ACTION ITEM:
Among the entries that follow, find every line with the word "photo" and list it.

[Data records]
* * * *

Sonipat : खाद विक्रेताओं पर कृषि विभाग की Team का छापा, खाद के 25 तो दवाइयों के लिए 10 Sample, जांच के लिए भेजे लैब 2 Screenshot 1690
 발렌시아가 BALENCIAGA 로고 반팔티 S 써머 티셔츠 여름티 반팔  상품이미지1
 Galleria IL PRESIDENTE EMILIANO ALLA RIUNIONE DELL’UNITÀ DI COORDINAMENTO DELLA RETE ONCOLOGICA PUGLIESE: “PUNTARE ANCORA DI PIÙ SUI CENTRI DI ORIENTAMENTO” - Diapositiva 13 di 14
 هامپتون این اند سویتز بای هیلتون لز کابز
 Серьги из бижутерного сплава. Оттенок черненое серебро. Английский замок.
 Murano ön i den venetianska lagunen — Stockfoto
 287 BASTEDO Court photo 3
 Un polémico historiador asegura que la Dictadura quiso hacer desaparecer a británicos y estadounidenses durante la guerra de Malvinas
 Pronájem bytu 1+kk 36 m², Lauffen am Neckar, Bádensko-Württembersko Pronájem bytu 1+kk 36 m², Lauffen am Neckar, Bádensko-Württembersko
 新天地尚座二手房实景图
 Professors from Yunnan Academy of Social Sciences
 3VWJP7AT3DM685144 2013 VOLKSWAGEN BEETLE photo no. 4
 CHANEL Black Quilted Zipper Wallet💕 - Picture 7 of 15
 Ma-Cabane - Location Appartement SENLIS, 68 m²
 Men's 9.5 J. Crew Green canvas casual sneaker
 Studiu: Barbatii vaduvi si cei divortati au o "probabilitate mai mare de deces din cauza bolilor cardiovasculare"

* * * *

EXERCISE SOLUTION:
 287 BASTEDO Court photo 3
 3VWJP7AT3DM685144 2013 VOLKSWAGEN BEETLE photo no. 4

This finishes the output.